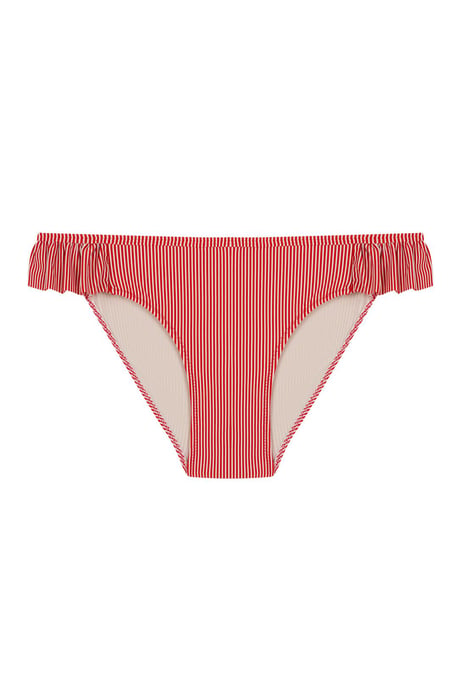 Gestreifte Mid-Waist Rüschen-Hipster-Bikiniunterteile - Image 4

***

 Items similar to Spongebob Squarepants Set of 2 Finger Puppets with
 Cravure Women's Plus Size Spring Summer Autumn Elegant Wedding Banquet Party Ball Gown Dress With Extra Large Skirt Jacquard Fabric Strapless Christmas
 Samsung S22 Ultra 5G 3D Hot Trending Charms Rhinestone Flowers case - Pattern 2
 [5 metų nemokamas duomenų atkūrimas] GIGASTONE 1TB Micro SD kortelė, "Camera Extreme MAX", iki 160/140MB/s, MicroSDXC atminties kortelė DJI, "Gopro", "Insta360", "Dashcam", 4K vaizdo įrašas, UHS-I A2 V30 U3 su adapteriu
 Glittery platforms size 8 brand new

***

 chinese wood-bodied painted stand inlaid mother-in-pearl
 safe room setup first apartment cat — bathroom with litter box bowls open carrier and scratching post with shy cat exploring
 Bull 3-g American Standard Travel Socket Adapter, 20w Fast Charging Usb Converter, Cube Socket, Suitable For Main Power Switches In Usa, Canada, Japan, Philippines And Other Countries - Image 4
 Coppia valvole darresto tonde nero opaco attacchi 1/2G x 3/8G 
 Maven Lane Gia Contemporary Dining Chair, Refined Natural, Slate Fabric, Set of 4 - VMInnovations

***

TASK BRIEF: Within the material above, extract exactly the lines that start at the line containing "Cravure Women's Plus" and stop after the line containing "Glittery platforms size 8 brand new", and only those.

OUTPUT OF THE TASK:
 Cravure Women's Plus Size Spring Summer Autumn Elegant Wedding Banquet Party Ball Gown Dress With Extra Large Skirt Jacquard Fabric Strapless Christmas
 Samsung S22 Ultra 5G 3D Hot Trending Charms Rhinestone Flowers case - Pattern 2
 [5 metų nemokamas duomenų atkūrimas] GIGASTONE 1TB Micro SD kortelė, "Camera Extreme MAX", iki 160/140MB/s, MicroSDXC atminties kortelė DJI, "Gopro", "Insta360", "Dashcam", 4K vaizdo įrašas, UHS-I A2 V30 U3 su adapteriu
 Glittery platforms size 8 brand new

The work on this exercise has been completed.